[Lab8] Giallo zafferano
Posted: Tue May 16, 2023 11:32 pm
Giallo zafferano oppure beige con finiture bordeaux?
Questa domanda è la causa della fronte aggrottata di Antonella, assieme al dubbio se scegliere countryman, clubman, cabrio o tutte e tre.
Scoppia ridere e si spaventa da sola e riprende la sua ricerca pensando che tutto potrebbe cambiare con quel segreto che si porta dentro.
La luna illumina il tavolo della cucina mentre le sue dita corrono sulla tastiera.
“Amore, ma non vieni a dormire?”
“Finisco di correggere i compiti.” risponde di rimando.
Si ingobbisce in attesa di sentire i passi di suo marito, il silenzio la convince a continuare.
Ci sarebbe da rifare il pavimento del corridoio, anche il parquet del salotto è in condizioni pietose. A pensarci bene tutto l’appartamento andrebbe ristrutturato, era già vecchio quando sono andati a viverci. Già che c’è, nella sua fantasia cambia anche tutto l’arredamento, non ne può più di vedere i mobili pesanti di sua suocera. Peggio di tutto la vetrinetta che era arrivata corredata di tutti i ninnoli. Una tortura da spolverare. Volendo avrebbe potuto occuparsene una donna delle pulizie, ma meglio ancora liberarsi di tutto.
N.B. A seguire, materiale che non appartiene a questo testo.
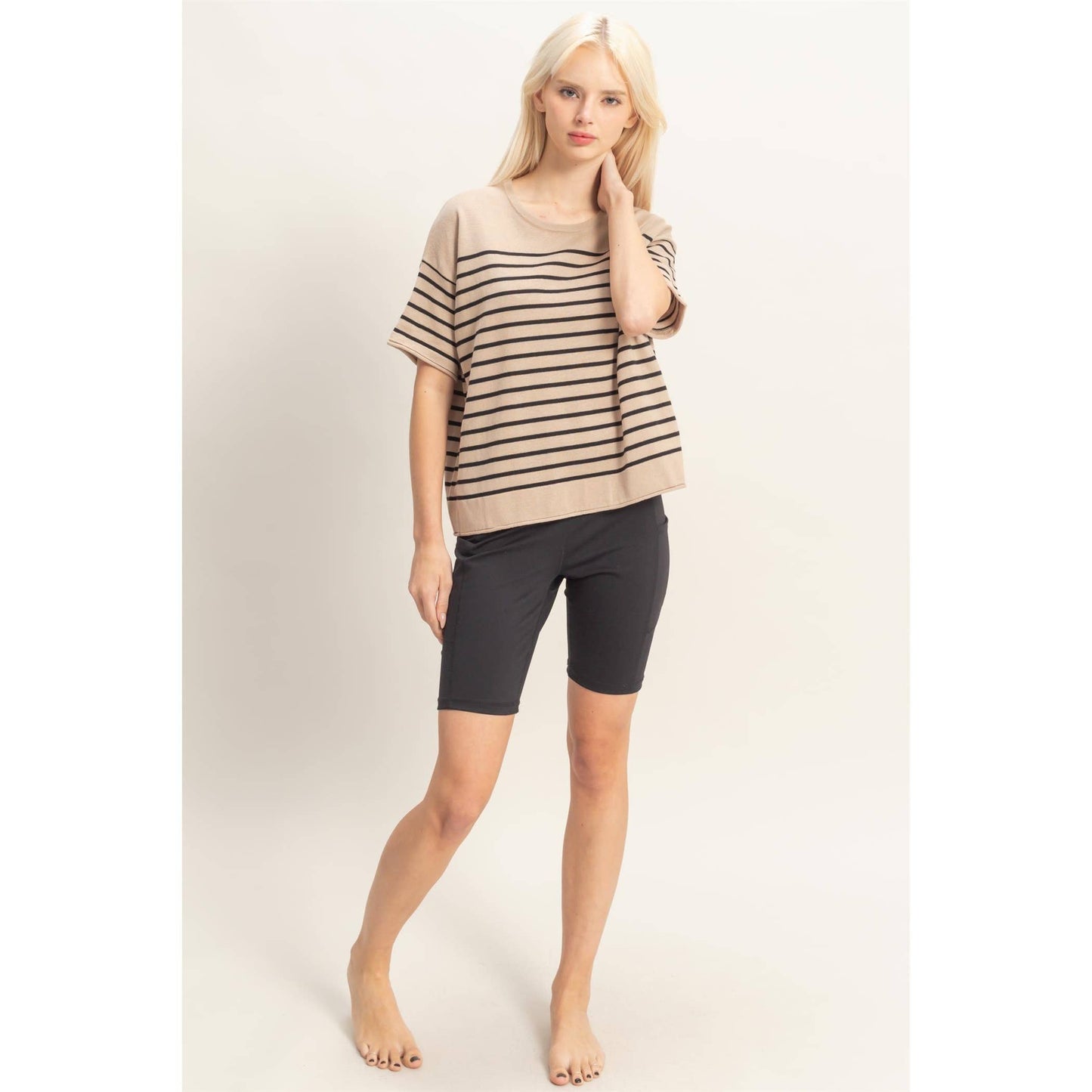Striped Short Sleeve Knit Top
Nella sua fantasia si vedeva in gonna e golfino, scarpe tacco sette, blocco e penna in mano a dare istruzioni ai manovali. Ci vuole una bella lista di cose da fare, così le può spuntare tutte con eleganza.
Le mani riposano in grembo, mentre lo sguardo vaga sulla facciata del condominio di fronte. Dormono tutti, nemmeno una luce accesa, neanche le ombre tremolanti di una tv rischiarano una finestra.
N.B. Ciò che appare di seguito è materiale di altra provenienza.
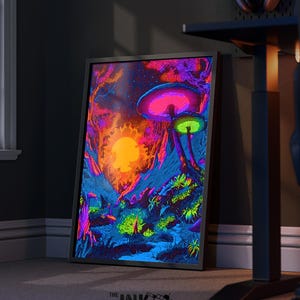 Neon Blacklight Alien Landscape Art – Psychedelic Mushroom Scene (Digital Download)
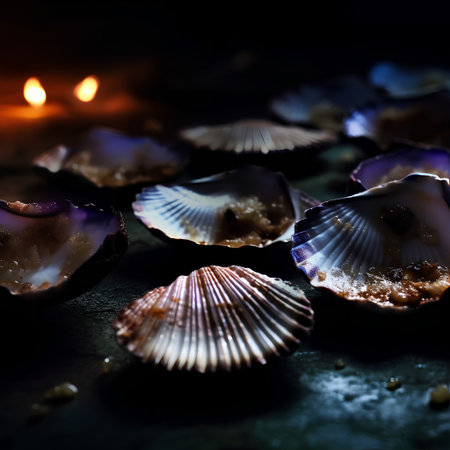 Seashells and candles on a dark background. Selective focus.の素材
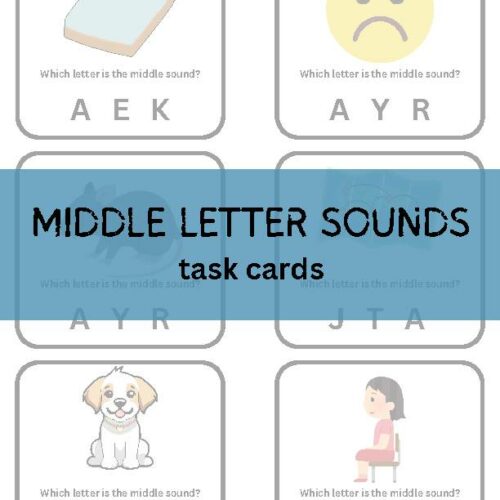 Middle Letter Sounds Printable Task Cards For Early Reading and ...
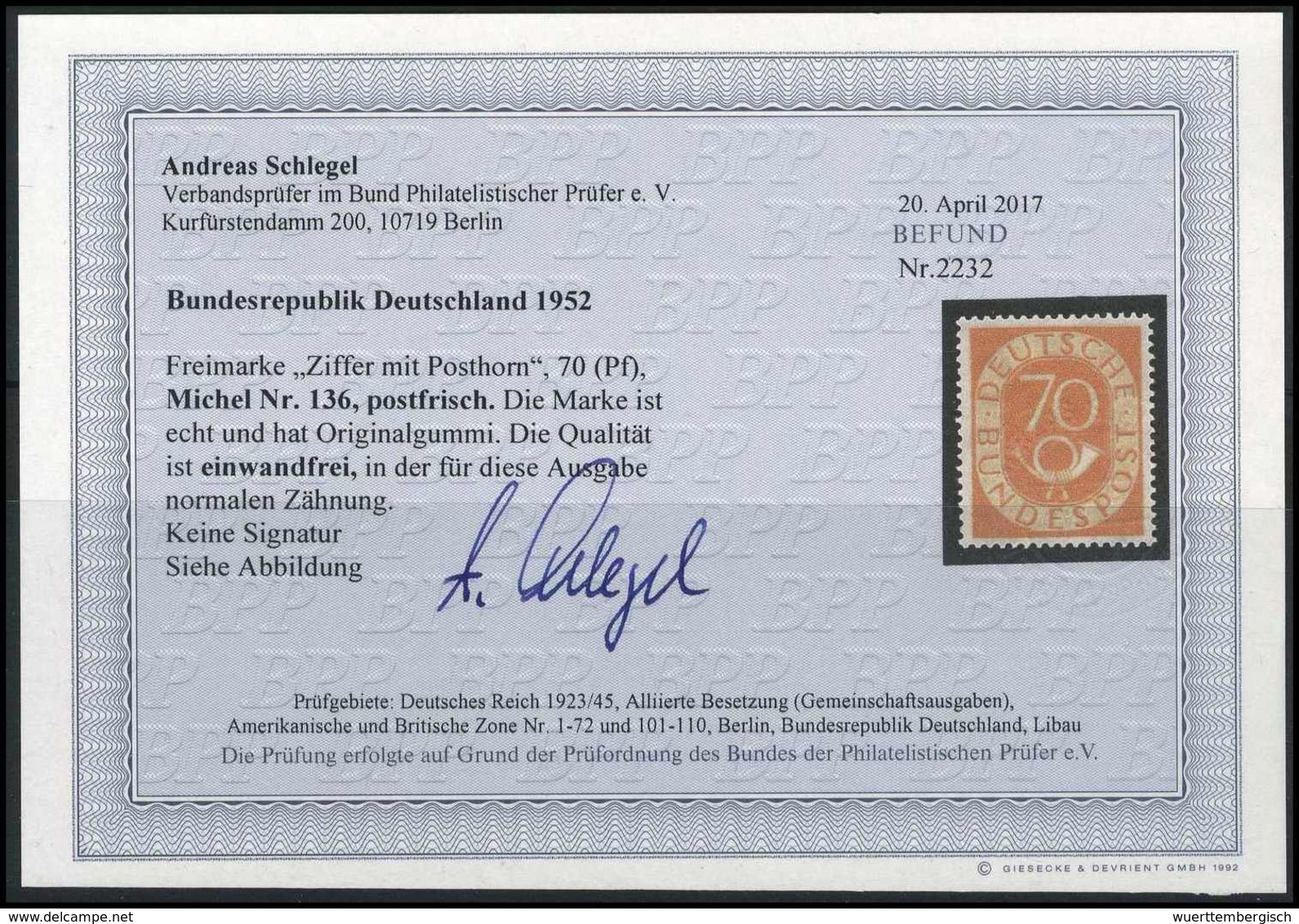 ** 70 Pfg., Tadellos Postfr., Fotobefund Schlegel BPP.<br/><b>Katalogpreis: 500,-</b> (Michel: 136) - Sonstige & Ohne Zuordnung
“Allora, Antonella, ma quanto ci metti? Vieni.”
Magari sono tutti come suo marito, sdraiati a letto, svegli ad aspettare la moglie al buio, perché quella cosa veloce del giovedì non tollera nemmeno la penombra.
Chiude gli occhi per riprendere il suo sogno. Dove è rimasta? Giusto, niente donna delle pulizie per la vetrinetta della suocera, ma per il suo appartamento completamente ristrutturato nei toni del bianco e verde salvia. Forse un architetto come si deve riuscirebbe a farci anche stare una poltroncina con tavolino sul poggiolo vista circonvallazione.
“Antonella, vieni che sono stufo di aspettare.”
“Si, Walter, arrivo.”
Per un momento si illumina, il prossimo acquisto potrebbe essere una casa. Ma dove? Per quante persone? Come investimento o per sé?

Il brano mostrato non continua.